------ THE RECORDS ------

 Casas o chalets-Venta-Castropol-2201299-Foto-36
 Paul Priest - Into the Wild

------
------ THE RECORDS ------

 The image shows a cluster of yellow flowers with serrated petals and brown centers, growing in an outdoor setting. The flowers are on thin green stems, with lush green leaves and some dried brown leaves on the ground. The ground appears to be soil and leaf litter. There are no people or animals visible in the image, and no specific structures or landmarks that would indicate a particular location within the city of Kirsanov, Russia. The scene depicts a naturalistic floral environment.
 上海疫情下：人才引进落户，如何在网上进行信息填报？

------

WORK TO COMPLETE -
Send back an exact copy of only the lines from the line with "Casas o chalets-Venta-Castropol-2201299-Foto-36" up to and including the line with "Paul Priest - Into the Wild" in the data above.

ANSWER SECTION -
 Casas o chalets-Venta-Castropol-2201299-Foto-36
 Paul Priest - Into the Wild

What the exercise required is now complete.